--- START ---

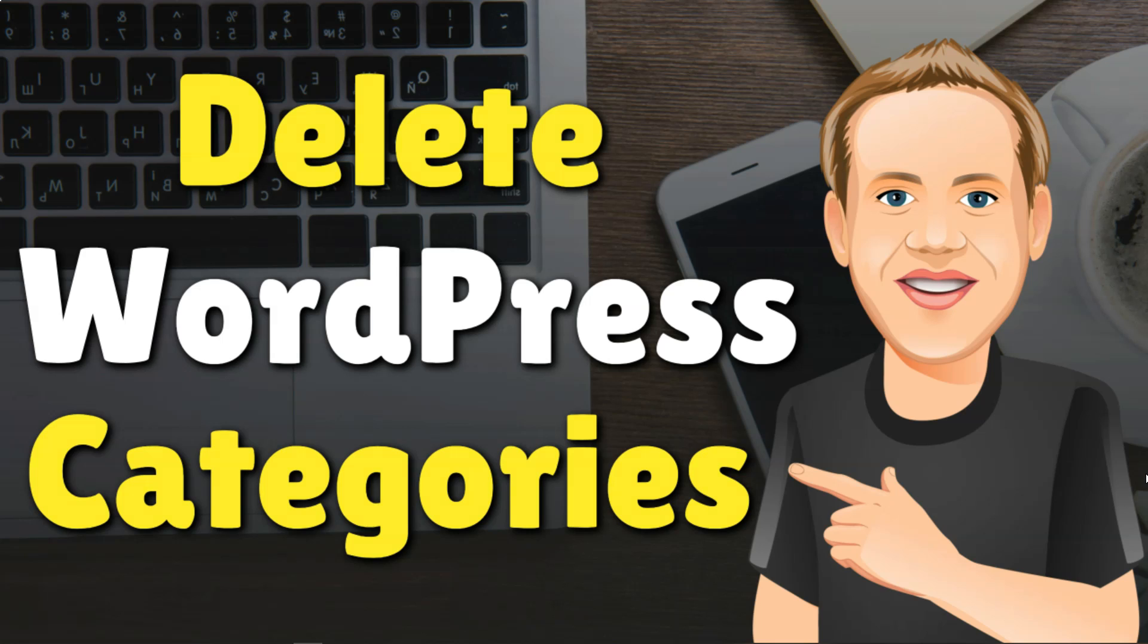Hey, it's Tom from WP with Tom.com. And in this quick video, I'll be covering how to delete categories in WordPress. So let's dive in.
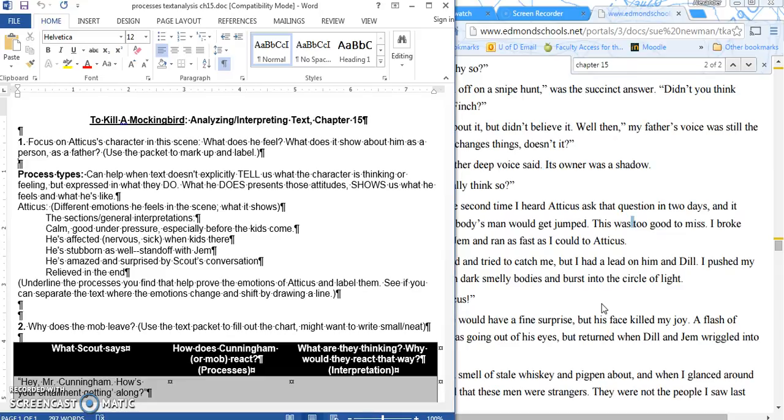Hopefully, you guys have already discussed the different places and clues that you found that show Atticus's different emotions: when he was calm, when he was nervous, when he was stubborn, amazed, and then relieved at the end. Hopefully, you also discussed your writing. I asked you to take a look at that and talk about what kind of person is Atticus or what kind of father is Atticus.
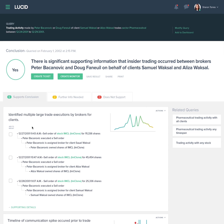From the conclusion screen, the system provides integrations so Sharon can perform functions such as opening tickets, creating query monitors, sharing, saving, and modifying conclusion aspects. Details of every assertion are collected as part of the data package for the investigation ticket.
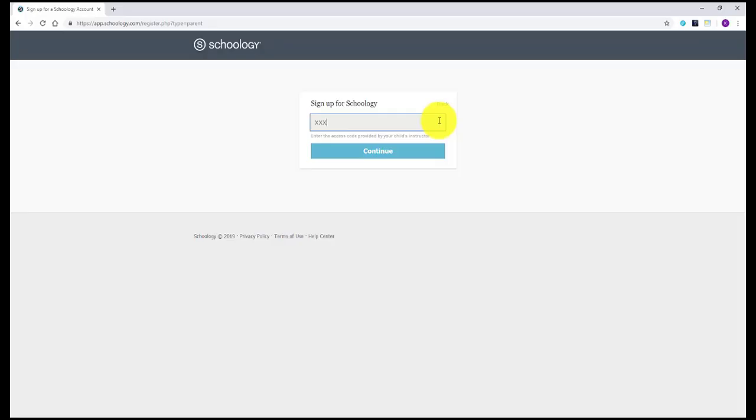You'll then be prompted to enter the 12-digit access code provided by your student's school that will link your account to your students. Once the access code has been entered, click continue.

--- END ---

For the material above, give every line again exactly and leave out the pictures.

(Answer section):
Hey, it's Tom from WP with Tom.com. And in this quick video, I'll be covering how to delete categories in WordPress. So let's dive in.
Hopefully, you guys have already discussed the different places and clues that you found that show Atticus's different emotions: when he was calm, when he was nervous, when he was stubborn, amazed, and then relieved at the end. Hopefully, you also discussed your writing. I asked you to take a look at that and talk about what kind of person is Atticus or what kind of father is Atticus.
From the conclusion screen, the system provides integrations so Sharon can perform functions such as opening tickets, creating query monitors, sharing, saving, and modifying conclusion aspects. Details of every assertion are collected as part of the data package for the investigation ticket.
You'll then be prompted to enter the 12-digit access code provided by your student's school that will link your account to your students. Once the access code has been entered, click continue.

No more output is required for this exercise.